Reaction times analysis with Mixed Models


I want to use Mixed Models for interpreting reaction times, instead of ANOVA repeated measures with the mean for each subject/condition.

I have several subjects, condition (2 levels) and time delay (6 levels). Each subject obtained 20 reactions times (RTs) for each time delay in the two condition.

Could someone explain to me how to analize the data using Mixed Model, thus using each reaction times for the analysis, and not only the mean per condition as we usually do with classical ANOVA?

I both SPSS or Jamovi, not programming software like R beacuase I have no experience with it.


Less is more. Stay pure. Stay poor.
It is usually pretty straight forward. Things to consider that deviate the approach is time vary confounding or cross-level interactions, otherwise you select your outcome and covariates like normal regression and list your clustering (grouping variable, e.g., persons ID). Next you also list whether any of the terms (covariates) are at the individual grouping level. I haven't used SPSS for this, but I bet they have some resources. Multilevel models are definitely preferred over repeated measures ANOVA.
I would guess that reaction times would be a skewed distribution. So maybe a gamma distribution fits. Or maybe a lognormal distribution. Maybe they don't have that on the standard software. Then try to take the logarithm (so that data transforms from the lognormal to the normal distribution).

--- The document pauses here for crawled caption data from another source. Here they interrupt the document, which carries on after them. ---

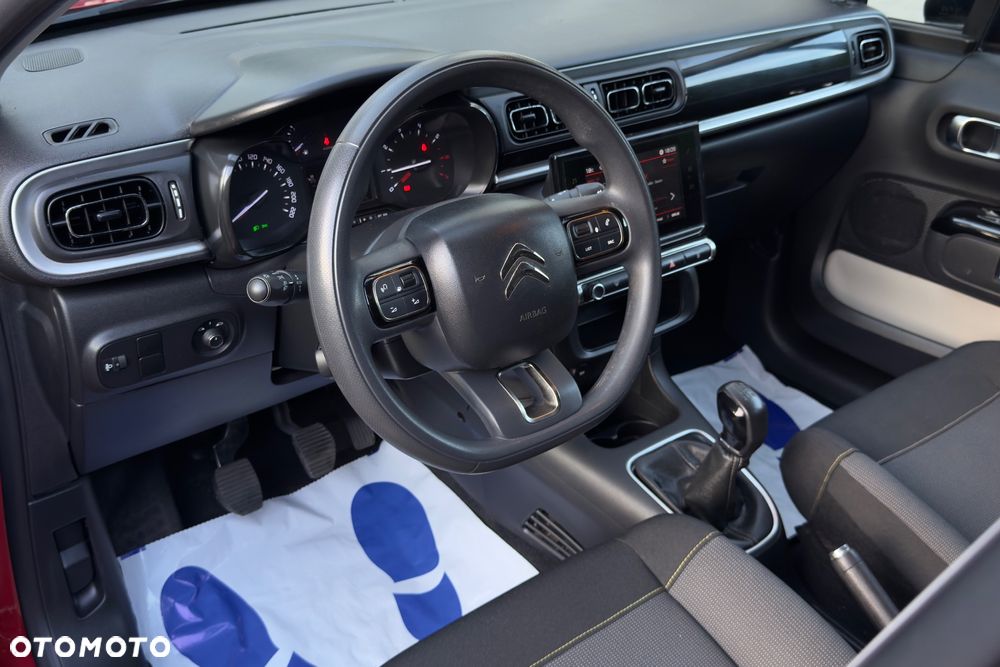 Citroën C3 Pure Tech 83 S&S ORIGINS - 22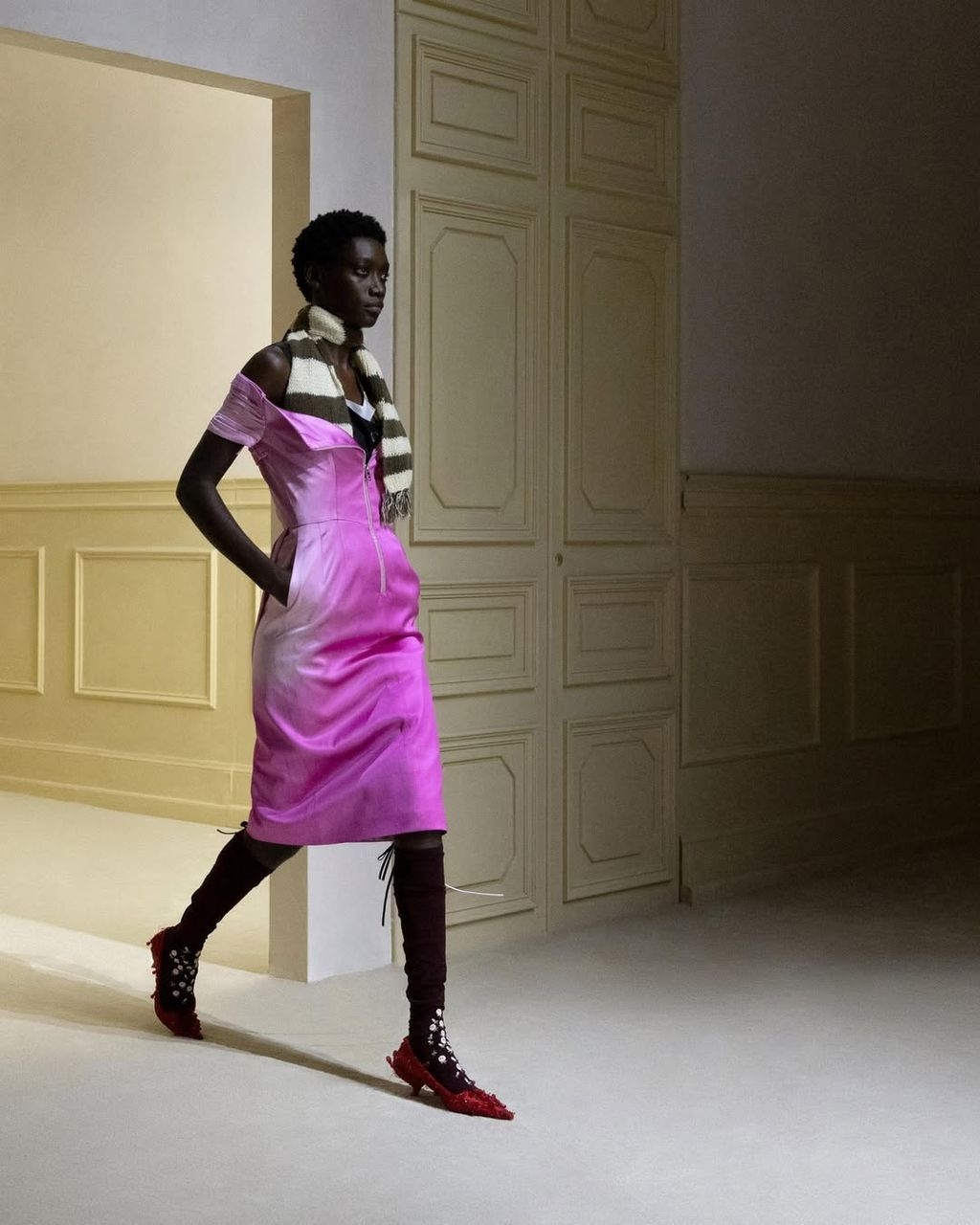 Prada 2026秋冬系列登陸香港 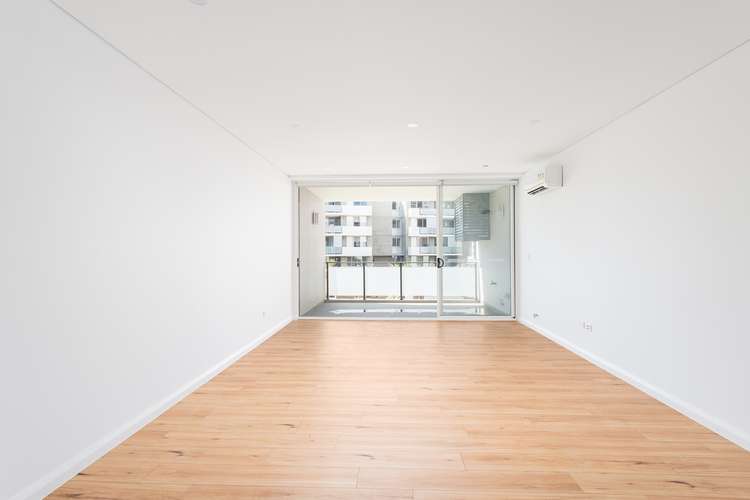 Second view of Homely apartment listing, 20/12-20 Garnet Street, Rockdale NSW 2216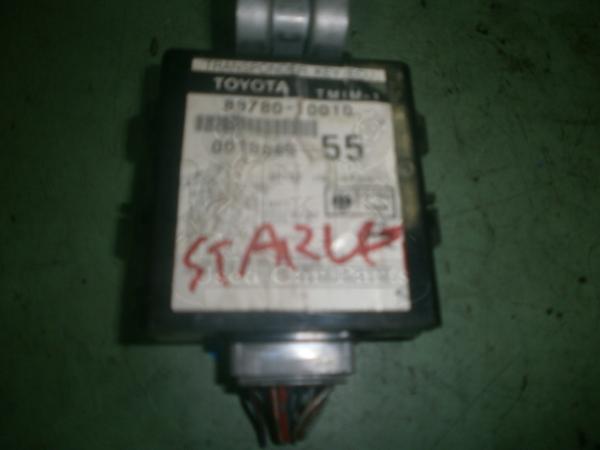   (89780-10010)  Toyota Starlet EP91 96-99 (6) 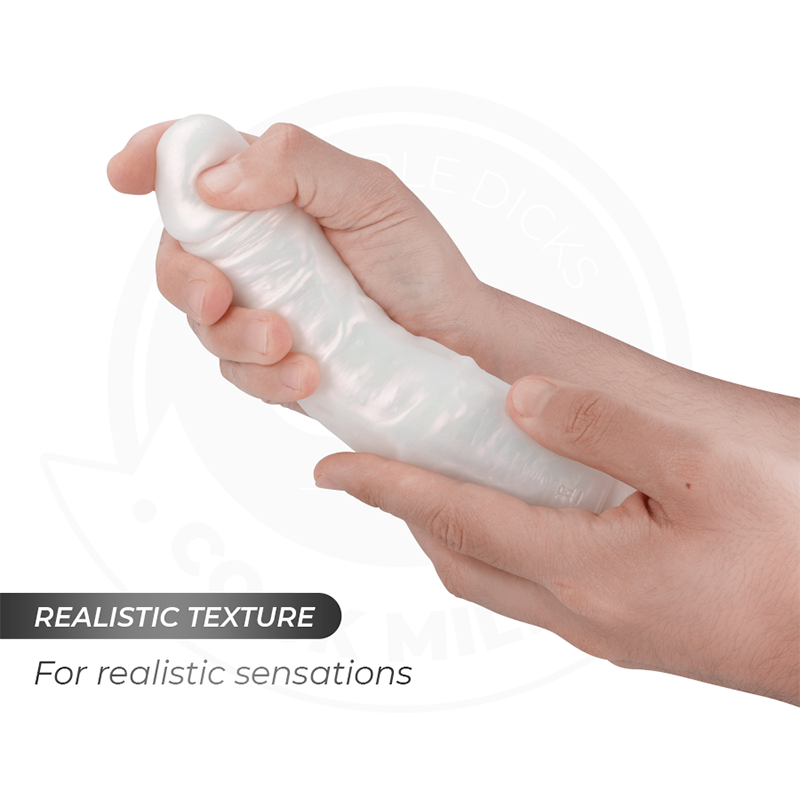 Cock Miller Dildo com Ventosa e Controlo Remoto 21,5 cm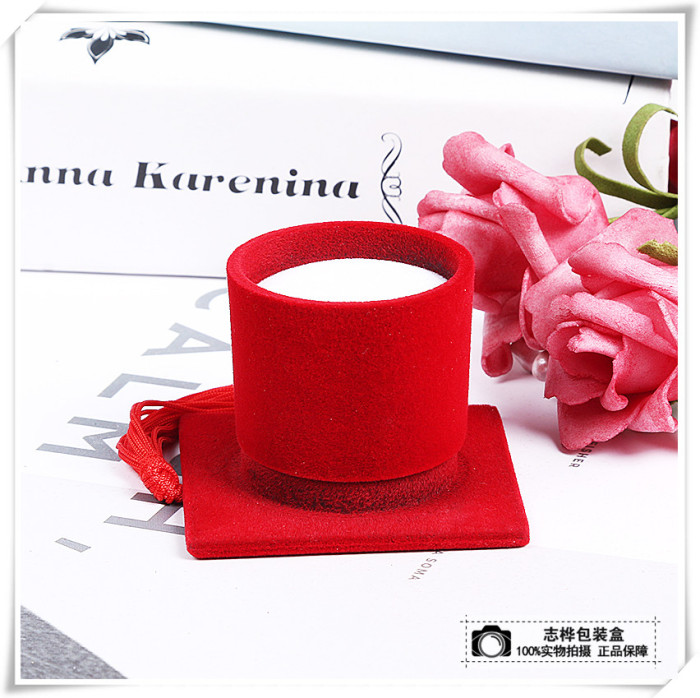 Jewelry box doctoral hat modeling Jewelry box ring box gift box flocking Jewelry box Jewelry box doctoral hat modeling Jewelry box ring box gift box flocking Jewelry box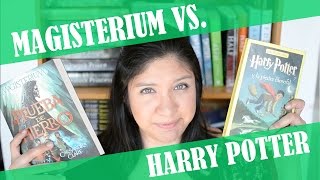 Magisterium vs Harry Potter  Marina Channel [upl. by Hallett]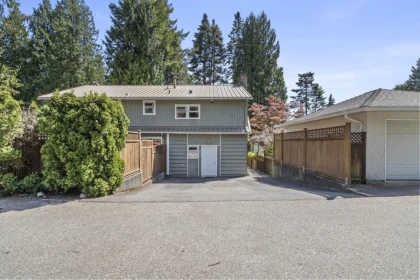 Swimming Pool Photo of 230 W 22nd Street, North Vancouver, BC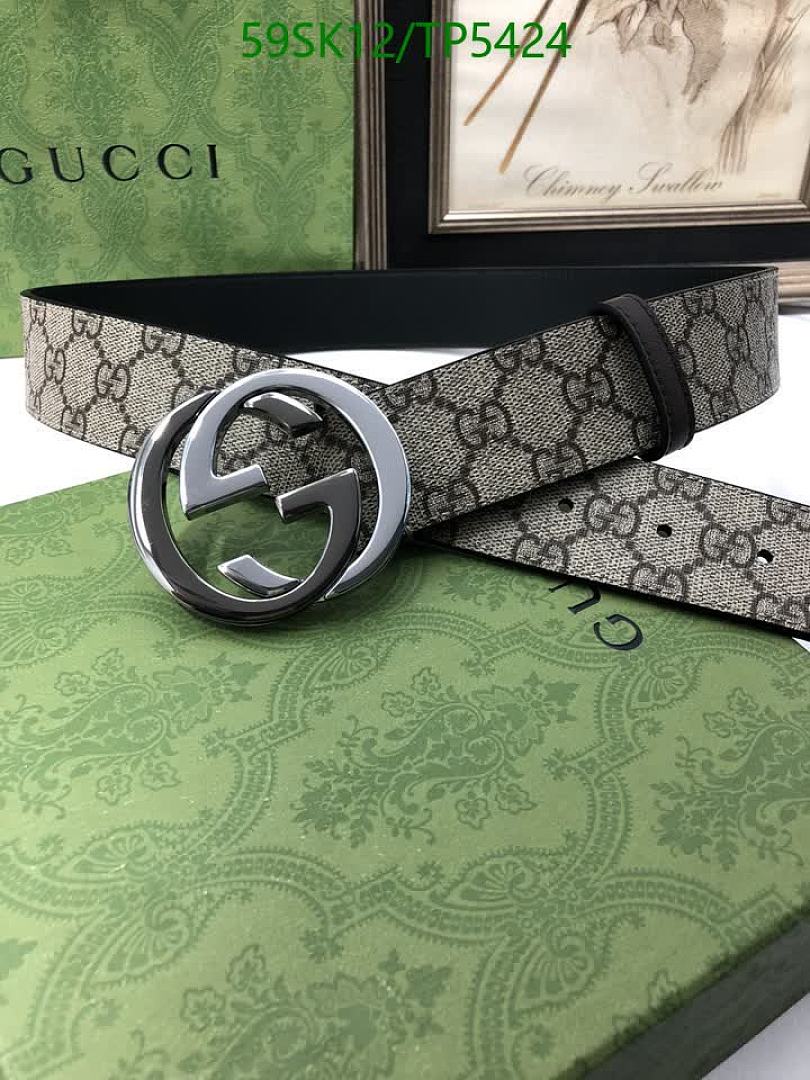 Gucci-Belts Code: TP5424 $: 59USD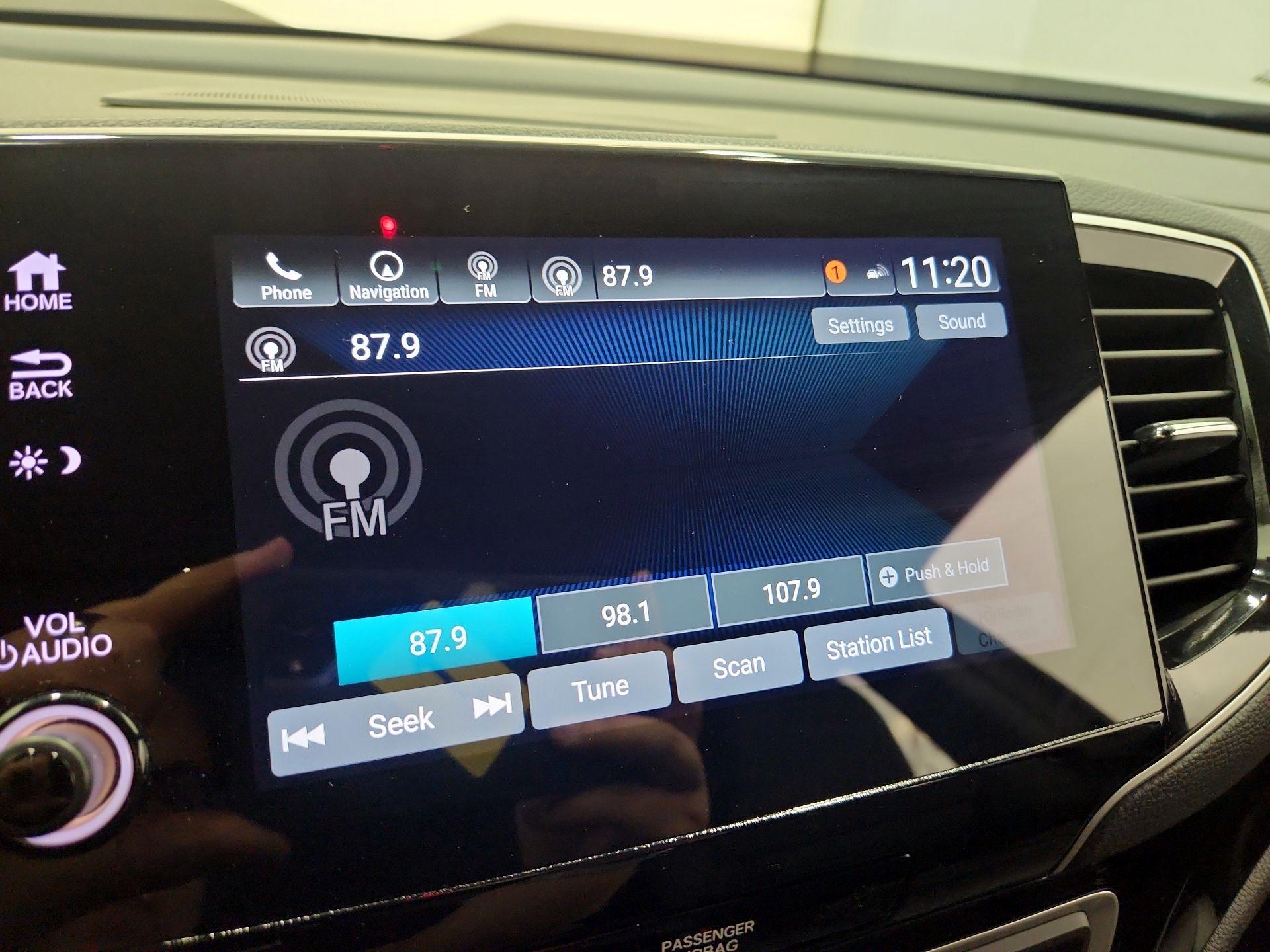 Thumbnail: 2024 Honda Passport - 16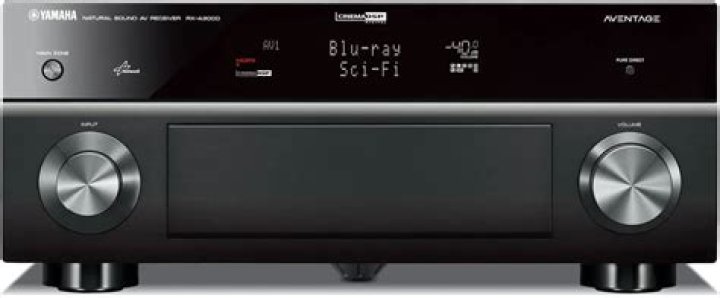 What are the specs of a Yamaha rx-a3000?
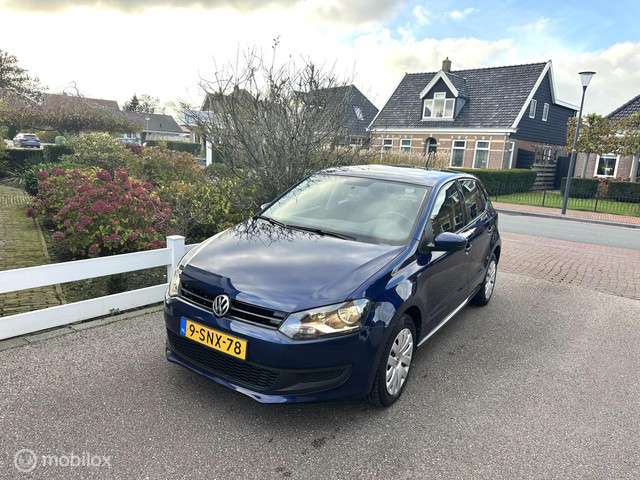 Volkswagen Polo 2013 Benzine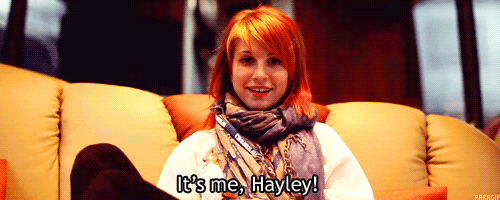 Artiesten Paramore Gifs rots bandas 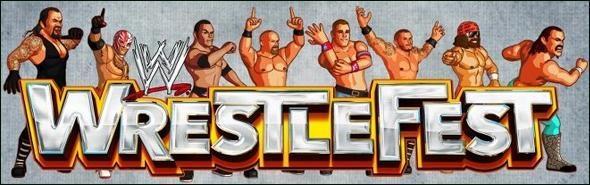 WWE WrestleFest - Wrestling Games Database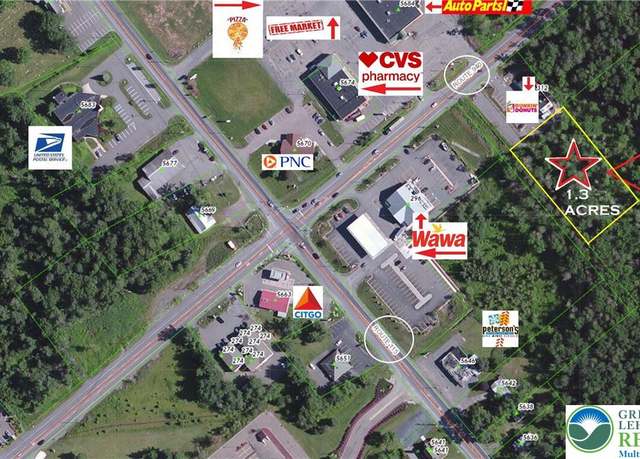 Property at Rt 940, Tobyhanna Twp, PA 18347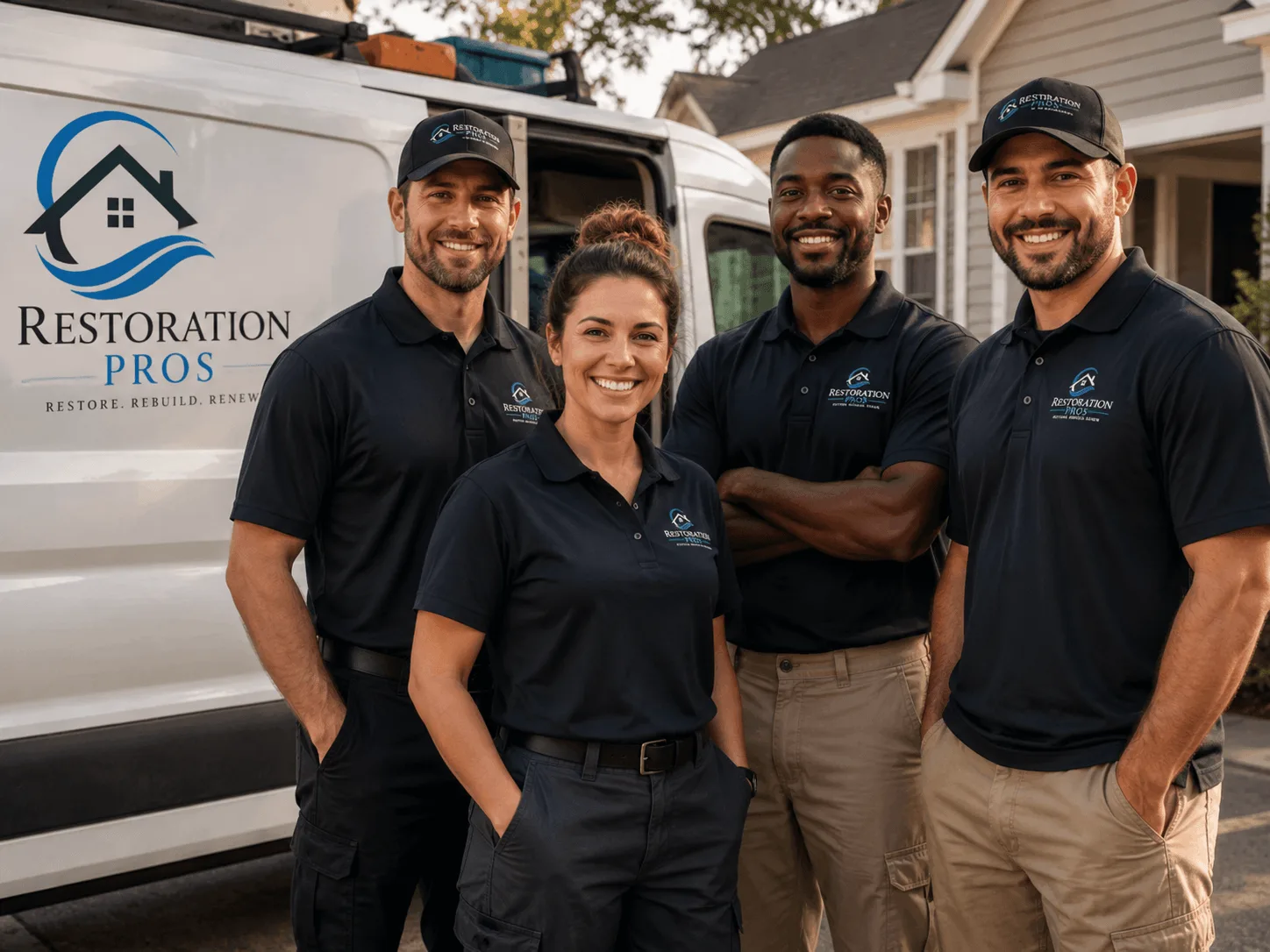 Professional Flood Damage Restoration Services in Moorestown, NJ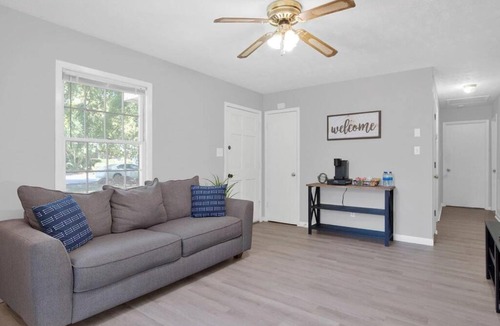 Fayetteville Villa | Relaxing Fayetteville Hideaway! Pet Friendly
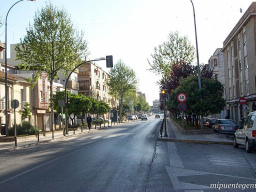 Del Romeral a la Estación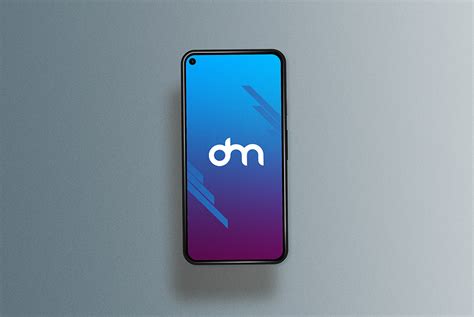 Free Android Smartphone Mockup Template | Download Mockup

Less is more. Stay pure. Stay poor.
Good point @GretaGarbo about still needing to meet model assumptions. Side note, when you recommended the gamma distribution to me last month, I searched around on the topic it seemed like quite a lot of people said they preferred lognormal distribution over it. I believe it was since they both get you to about the same place, but lognormal is more interpretable - I think that is a general comment I saw. I am sure this is one of those if I could recall how all of the distributions are related, I could better articulate and provide insight.